Cargo, inexistente na Constituição, representa um novo avanço do casal presidencial sobre a ordem democrática

Um homem caminha diante de um cartaz de propaganda que mostra o presidente da Nicarágua, Daniel Ortega, e a recém-nomeada ‘copresidenta’ Rosario Murillo.
Um homem caminha diante de um cartaz de propaganda que mostra o presidente da Nicarágua, Daniel Ortega, e a recém-nomeada ‘copresidenta’ Rosario Murillo.STRINGER (Reuters)

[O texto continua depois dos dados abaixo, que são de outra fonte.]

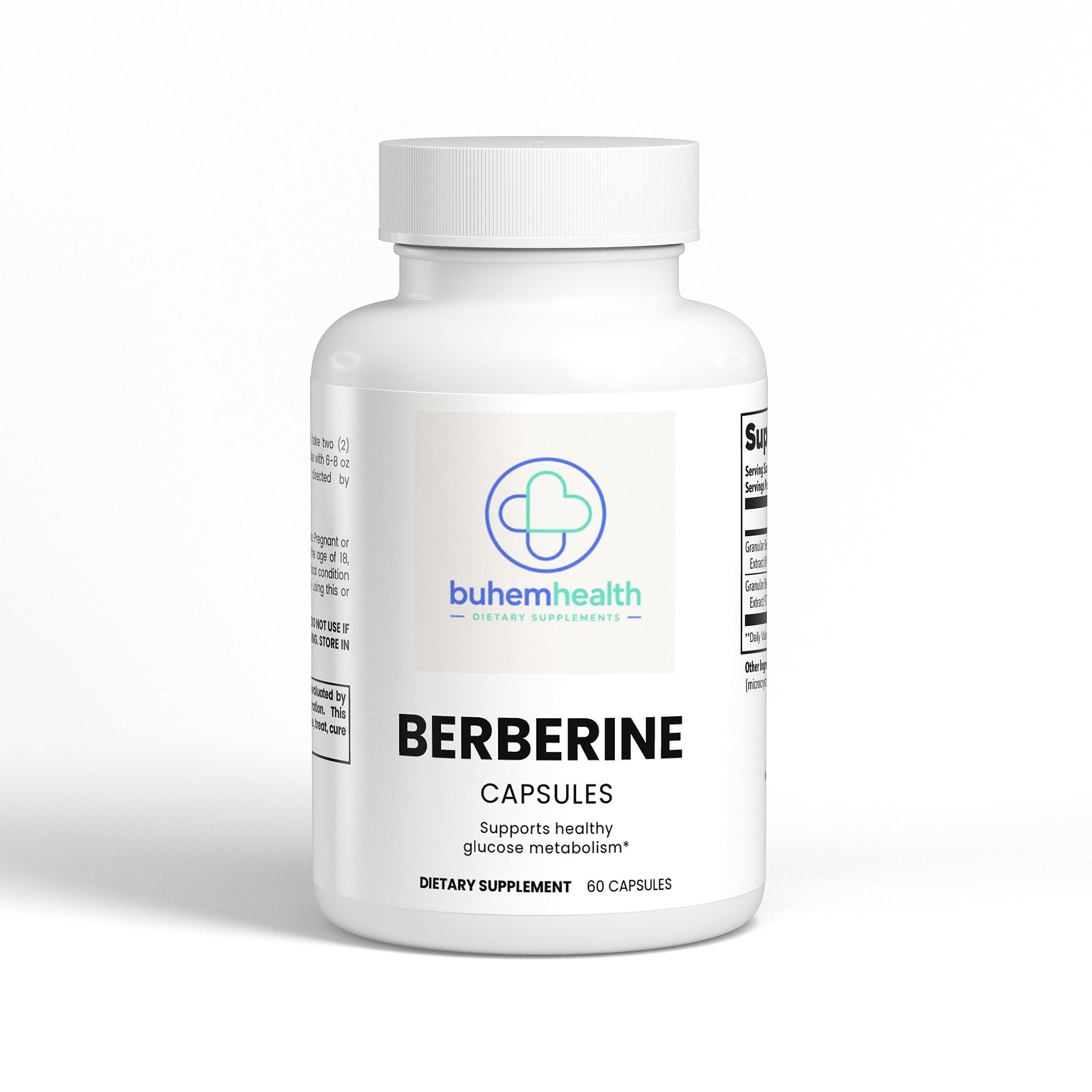 Buhem Health Berberine Capsules – Berberine Hydrochloride Supplement for Daily Wellness & Metabolic Support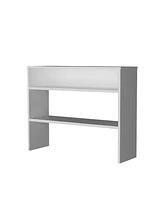 Fm Furniture Vail Console table in melamine with open storage,white
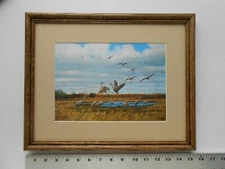 Owen Gromme MARSHLAND ELEGY-ALDO LEOPOLD 11x14 framed 5.0 709
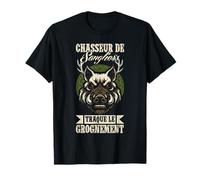 Chasseur De Sangliers Traque Le GrogneMent Porc Sauvage T-Shirt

Sentada ao seu lado direito, Rosario Murillo ruborizou levemente e acrescentou um gesto adulador quando o presidente Daniel Ortega, seu marido, a nomeou “copresidenta” da Nicarágua, na segunda-feira passada. A nomeação é apenas honorária, porque não está prevista na Constituição que o caudilho sandinista reformou em 2014 para se manter indefinidamente no poder. Foi um ato público e transmitido pela televisão, um dos poucos que o casal presidencial protagonizou durante uma campanha eleitoral sem concorrência e que terminará sem grandes sobressaltos três dias antes de 7 de novembro, data marcada para uma eleição geral sem garantias e cercada de questionamentos sobre sua legitimidade.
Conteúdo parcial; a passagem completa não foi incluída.